Restate, exactly as written, the entries below from the line that holds "Biografická metoda a" through the line that holds "农村宅基地转让协议书怎么写才合法 村宅基地转让合同精品合集7篇". Pictures are not part of the copy.

### Information shown

────

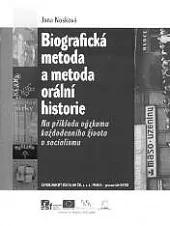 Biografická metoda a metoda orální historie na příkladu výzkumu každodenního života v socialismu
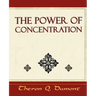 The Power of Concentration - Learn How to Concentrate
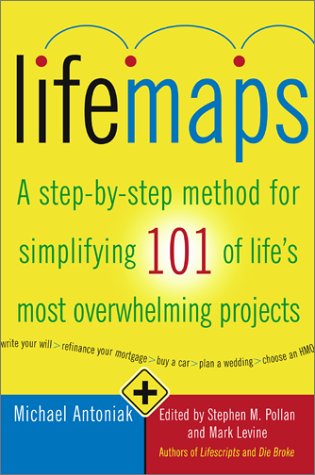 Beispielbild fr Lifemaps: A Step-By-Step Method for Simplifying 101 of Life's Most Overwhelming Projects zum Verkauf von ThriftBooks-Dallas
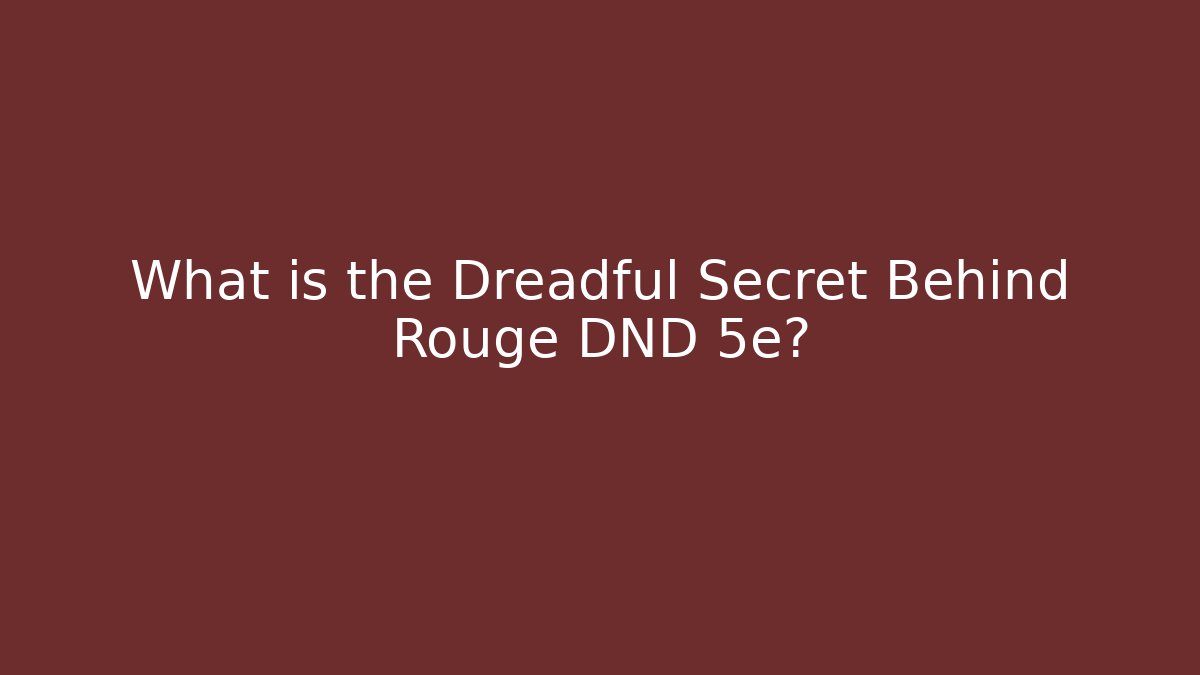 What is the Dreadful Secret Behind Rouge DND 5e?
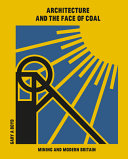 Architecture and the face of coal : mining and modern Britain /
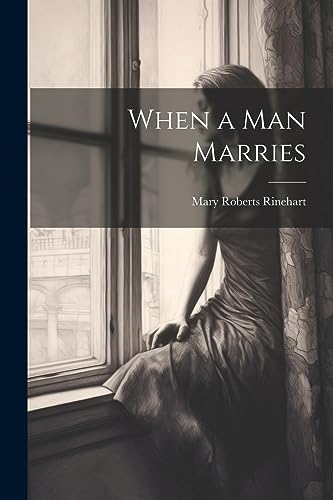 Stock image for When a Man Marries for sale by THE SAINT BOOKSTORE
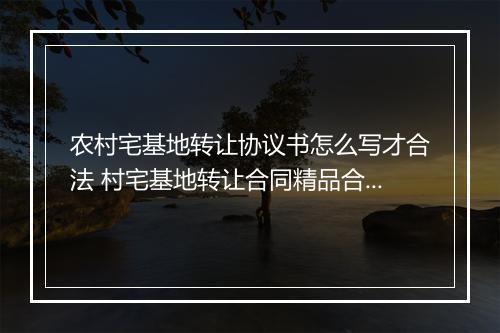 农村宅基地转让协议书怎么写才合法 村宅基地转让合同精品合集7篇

────

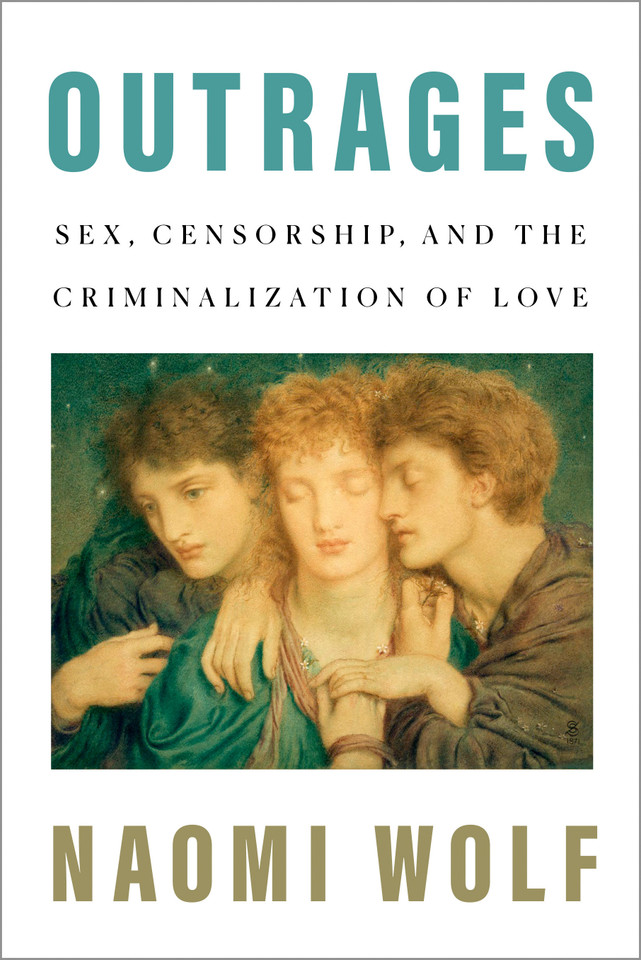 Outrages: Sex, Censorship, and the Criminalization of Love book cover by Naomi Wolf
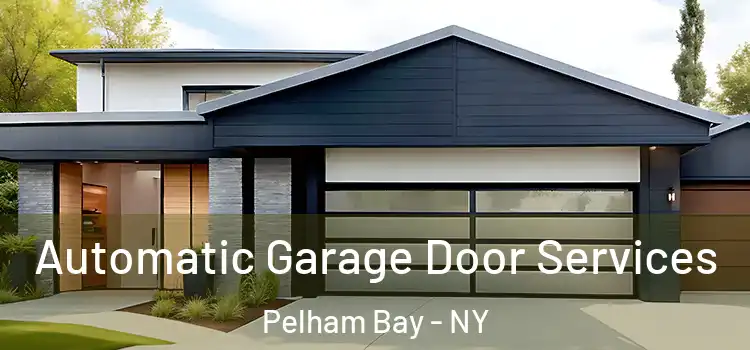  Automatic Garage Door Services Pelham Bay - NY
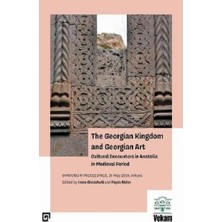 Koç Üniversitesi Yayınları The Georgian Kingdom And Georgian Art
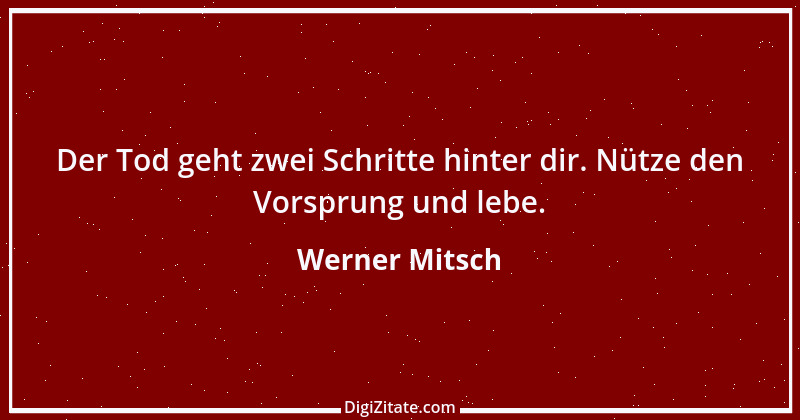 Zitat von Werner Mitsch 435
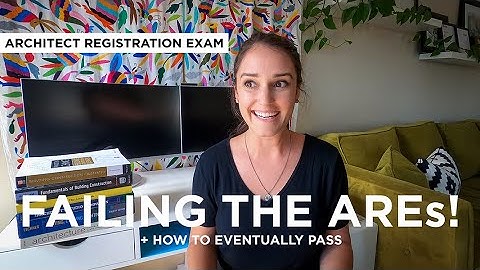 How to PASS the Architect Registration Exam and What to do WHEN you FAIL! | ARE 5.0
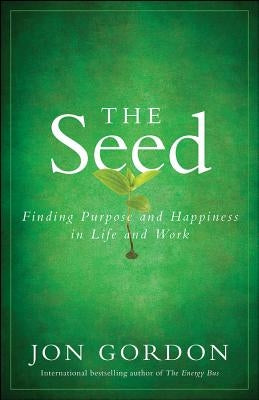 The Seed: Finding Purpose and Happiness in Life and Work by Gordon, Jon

────

### Finished task
 Biografická metoda a metoda orální historie na příkladu výzkumu každodenního života v socialismu
 The Power of Concentration - Learn How to Concentrate
 Beispielbild fr Lifemaps: A Step-By-Step Method for Simplifying 101 of Life's Most Overwhelming Projects zum Verkauf von ThriftBooks-Dallas
 What is the Dreadful Secret Behind Rouge DND 5e?
 Architecture and the face of coal : mining and modern Britain /
 Stock image for When a Man Marries for sale by THE SAINT BOOKSTORE
 农村宅基地转让协议书怎么写才合法 村宅基地转让合同精品合集7篇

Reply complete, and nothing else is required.